*DATASET CONTENT*
%%

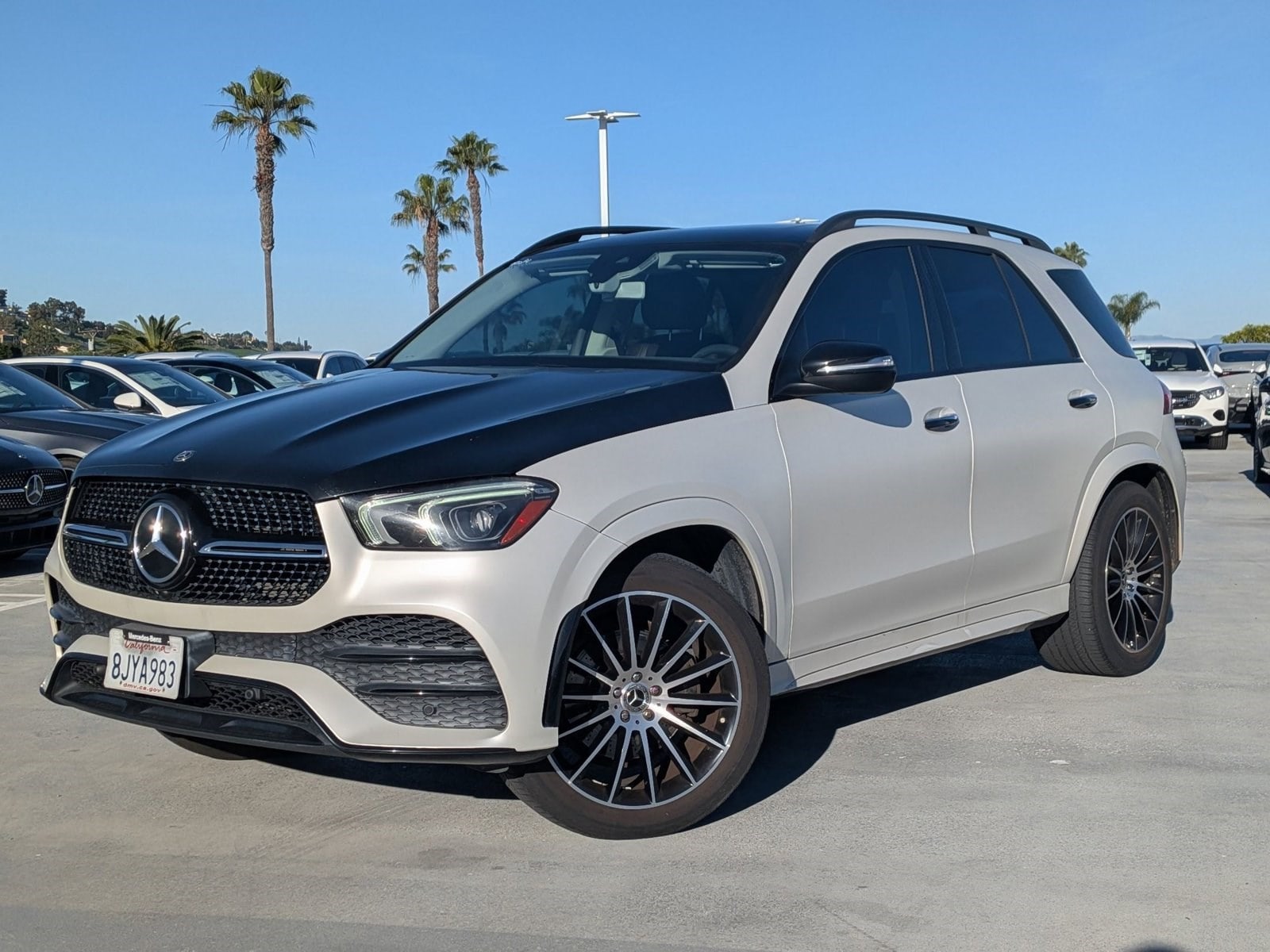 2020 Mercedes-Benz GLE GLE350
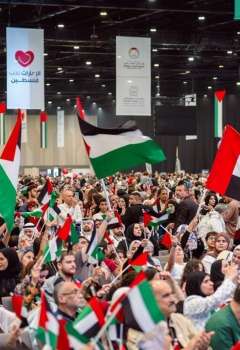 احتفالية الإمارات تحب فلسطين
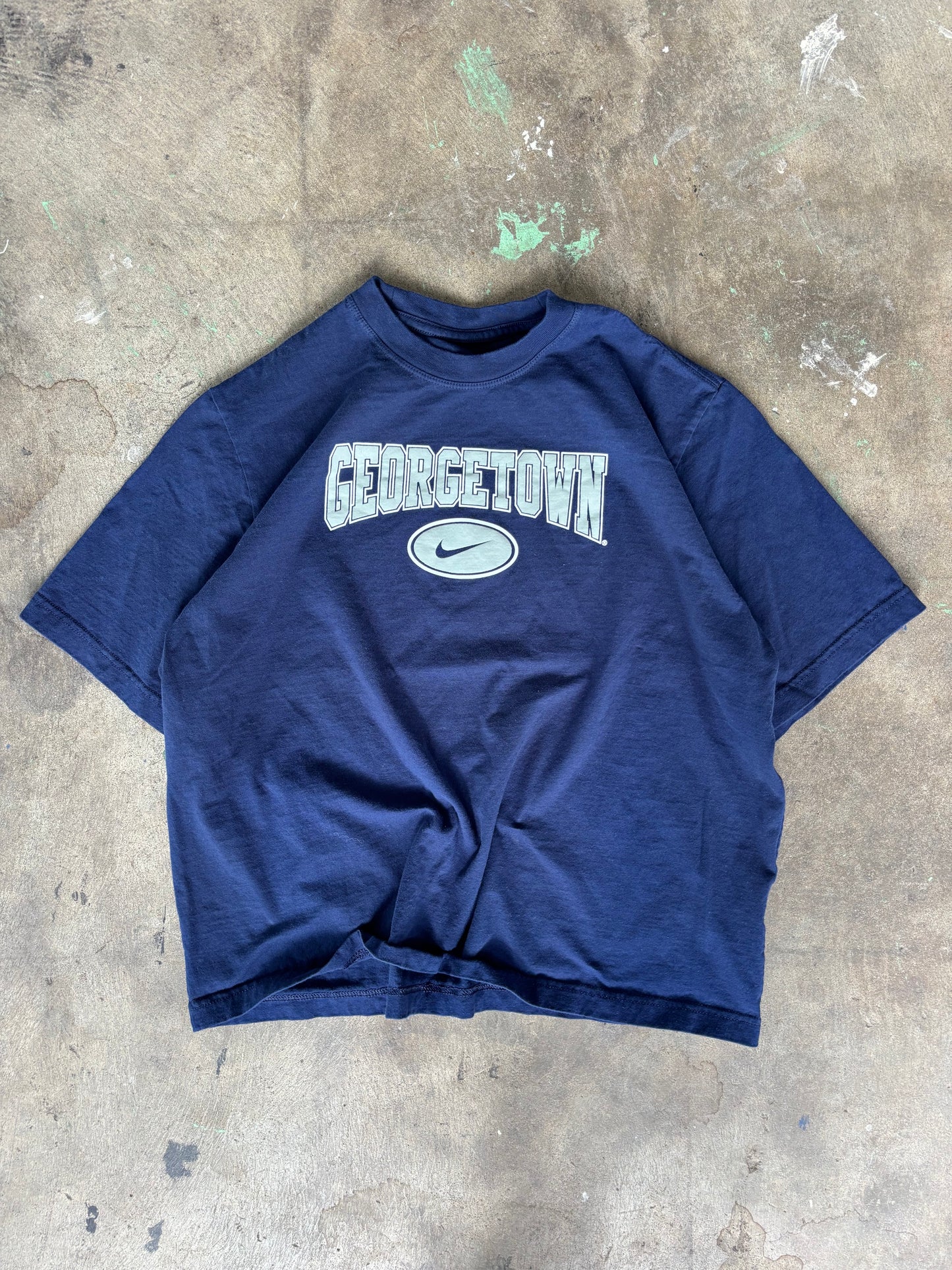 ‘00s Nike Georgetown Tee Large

%%

*BRIEF*
Send back every line above exactly, skipping all pictures.

*TASK SOLUTION*
 2020 Mercedes-Benz GLE GLE350
 احتفالية الإمارات تحب فلسطين
 ‘00s Nike Georgetown Tee Large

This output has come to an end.